[pypy-dev] connecting multiple interpreters (was: Re: change of strategy for the py3k branch?)

Thu May 31 23:18:09 CEST 2012

On Thu, May 31, 2012 at 11:27 +0200, Martijn Faassen wrote:
> On Thu, May 31, 2012 at 11:12 AM, holger krekel <holger at merlinux.eu> wrote:
> > On Wed, May 30, 2012 at 19:24 +0200, Martijn Faassen wrote:
> >> Just throwing in my little bit: any change that is made that would
> >> make it easier to run Python 2 and Python 3 interpretors in the same
> >> process would interesting, as I'm still vaguely dreaming (nothing
> >> more) of a combined interpreter that can run both Python 2 and Python
> >> 3 code.
> >
> > Is there a strong reason you want this in the same process?
> >
> > If not you might look into using execnet [1] for connecting python2 and
> > python3 interpreters which then run in two separate processes.  One can
> > build something higher level on top of the base execnet communication
> > along the lines of your "python3_import" suggestion.  It seems you anyway
> > need largely disconnected interpreter states.
> 
> That's an interesting idea. I don't think it would accomplish exactly
> the same goals though.
> 
> I can see two reasons not to do so:
> 
> * developer simplicity: you just start up your Python 3 as usual, you
> can now use Python 2 modules in your project. No need to come up with
> a networked system.

not sure i understand what you mean with "networked" system here.  With

    gw = execnet.makegateway("python3")

a subprocess is created running with python3.  It's true that the
channel send/receive uses a network metapher but underlying is
process-to-process communication, no network involved.

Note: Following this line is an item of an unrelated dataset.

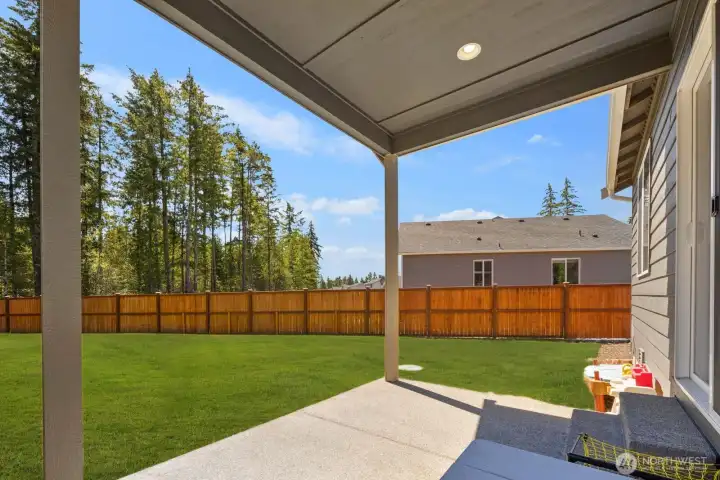 Additional view of the covered patio with direct access to the backyard.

> * efficiency: if you do a lot of calls using a Python 2 library in a
> Python 3 project, you'd like this to work pretty quickly. I think
> using in-process proxies can be made to be quite inexpensive.

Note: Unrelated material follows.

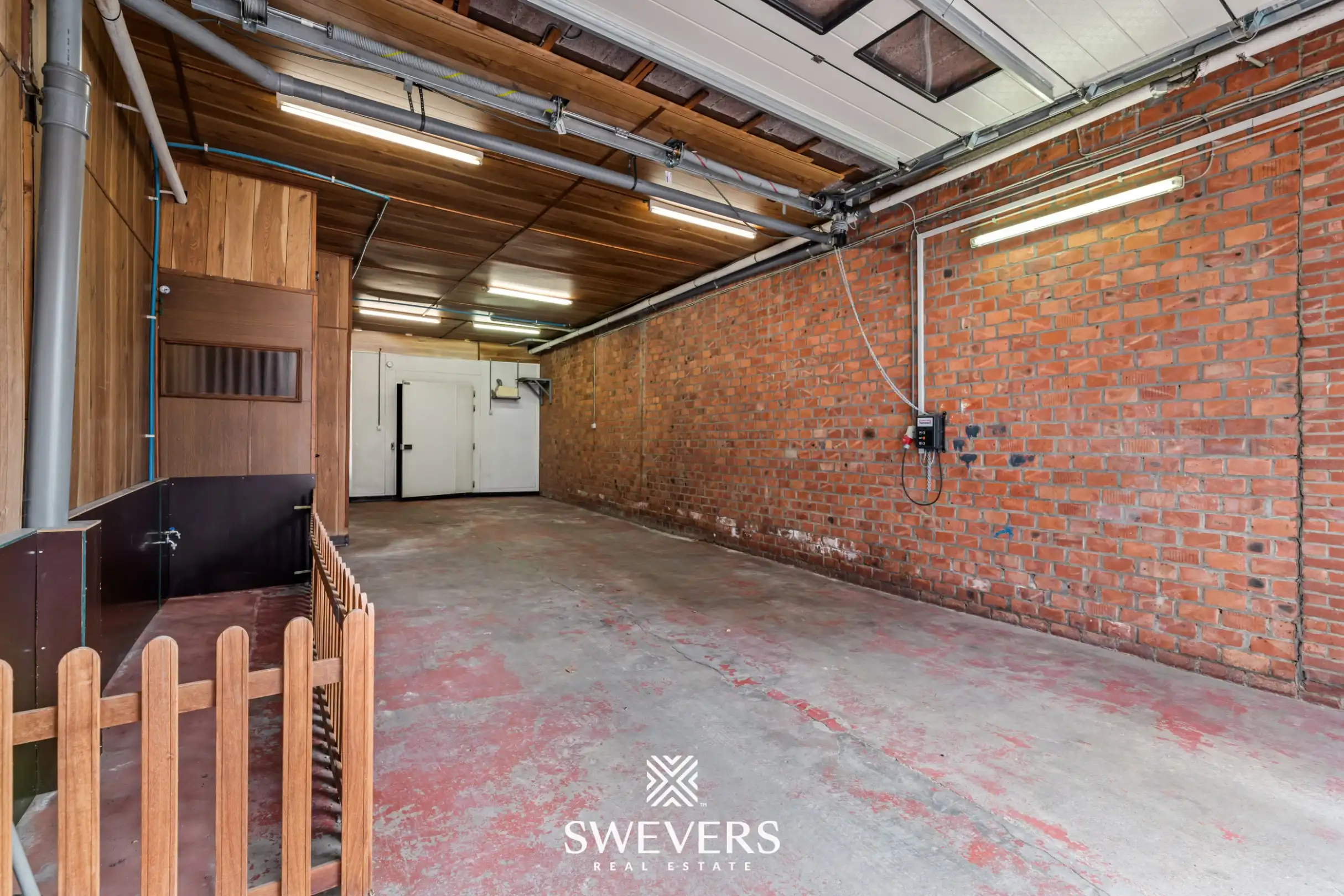 223 m² woonruimte met uitzonderlijke garage van ca. 100 m² nabij centrum foto 16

it all depends i guess.  It seems that for Quora it was fast enough
to call from PyPy into several libraries deployed on cpython.

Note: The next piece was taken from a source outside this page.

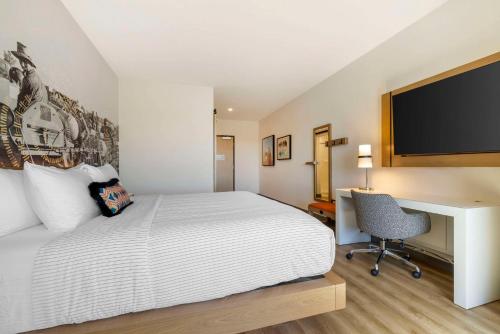 a bedroom with a bed and a desk and a television at Cambria Hotel El Centro - Imperial in El Centro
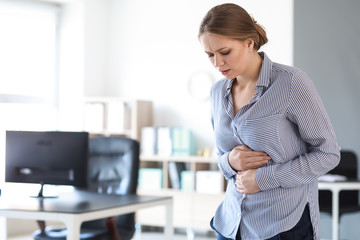 Young woman suffering from stomachache in office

Moreover, if you need to munge data coming out from library function calls
the proxy approach may require a lot of communication between
the two interpreters and even if this happens in-process it is overhead.  
With execnet you can execute the munging code with the interpreter
running the library and only send back the result you need.  (On a
side note, with a proxy approach you also need to carefully design 
lifecycle/GC issues for out-of-interpreter references).

> I think a networked approach is useful if you want communicating
> applications, but I'm talking more about a single application that
> uses libraries that might be written in another language. That is why
> I like the FFI analogy; when you interface with a C library from
> Python you generally also wouldn't want to use a networked approach.
> You *would* do this to interface with a networked application written
> in C. To use libxml2 in Python I'd use lxml. If there's already a
> C-based web service that uses libxml2 I'd use that service, but that's
> a different situation. I wouldn't want to have to *have* to do this
> just to be able to use libxml2.
> 
> I think execnet blurs the line between library and application
> integration somewhat, as it allows very intimately communicating
> applications, but isn't the line still there?

There is a line, sure.  It is blurred because one side can send
code to the other.  Which makes a difference in a similar way
how sending Javascript to the client makes a difference - it reduces
communication overhead and makes things faster on the client side.

To conclude, i wouldn't be overly concerned by process-to-subprocess
communication costs.  If i had to combine py3 and py2 code (throw
PyPy in to your likening) i'd go down the Quora route and see how far 
it carries.  After all, this is only an intermediate solution until
everthing happily runs on Python3 anyway, right? ;)

best,
holger